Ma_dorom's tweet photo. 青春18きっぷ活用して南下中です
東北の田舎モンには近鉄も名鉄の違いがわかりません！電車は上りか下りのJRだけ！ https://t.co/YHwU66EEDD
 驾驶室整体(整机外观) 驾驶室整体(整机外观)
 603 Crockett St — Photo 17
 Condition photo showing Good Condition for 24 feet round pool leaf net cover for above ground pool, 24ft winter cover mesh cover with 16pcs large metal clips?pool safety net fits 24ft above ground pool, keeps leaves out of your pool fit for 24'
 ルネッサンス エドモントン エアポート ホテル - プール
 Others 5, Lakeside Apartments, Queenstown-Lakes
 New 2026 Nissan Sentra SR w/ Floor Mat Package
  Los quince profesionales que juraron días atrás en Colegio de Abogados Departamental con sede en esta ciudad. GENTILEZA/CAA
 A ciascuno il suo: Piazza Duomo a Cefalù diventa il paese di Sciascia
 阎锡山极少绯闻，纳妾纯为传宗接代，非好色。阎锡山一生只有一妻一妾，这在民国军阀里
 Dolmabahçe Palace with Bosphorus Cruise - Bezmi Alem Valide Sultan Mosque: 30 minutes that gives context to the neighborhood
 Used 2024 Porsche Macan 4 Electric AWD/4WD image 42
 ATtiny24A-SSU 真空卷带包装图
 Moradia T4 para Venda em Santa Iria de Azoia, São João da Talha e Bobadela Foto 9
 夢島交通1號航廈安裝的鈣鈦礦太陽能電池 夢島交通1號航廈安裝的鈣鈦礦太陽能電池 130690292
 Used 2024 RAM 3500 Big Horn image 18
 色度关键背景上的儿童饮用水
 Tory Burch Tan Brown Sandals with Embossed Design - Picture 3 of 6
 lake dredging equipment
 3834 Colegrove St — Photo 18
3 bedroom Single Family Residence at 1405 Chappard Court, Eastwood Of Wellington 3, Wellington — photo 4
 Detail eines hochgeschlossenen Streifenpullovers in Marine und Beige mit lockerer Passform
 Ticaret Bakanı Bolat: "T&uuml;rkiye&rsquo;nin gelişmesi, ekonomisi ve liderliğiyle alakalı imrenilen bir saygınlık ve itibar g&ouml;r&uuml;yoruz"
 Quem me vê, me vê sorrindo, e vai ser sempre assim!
========================================
--- Problem details ---
Where a line above contains the word "with", copy that line.

--- Exercise response ---
 Condition photo showing Good Condition for 24 feet round pool leaf net cover for above ground pool, 24ft winter cover mesh cover with 16pcs large metal clips?pool safety net fits 24ft above ground pool, keeps leaves out of your pool fit for 24'
 Dolmabahçe Palace with Bosphorus Cruise - Bezmi Alem Valide Sultan Mosque: 30 minutes that gives context to the neighborhood
 Tory Burch Tan Brown Sandals with Embossed Design - Picture 3 of 6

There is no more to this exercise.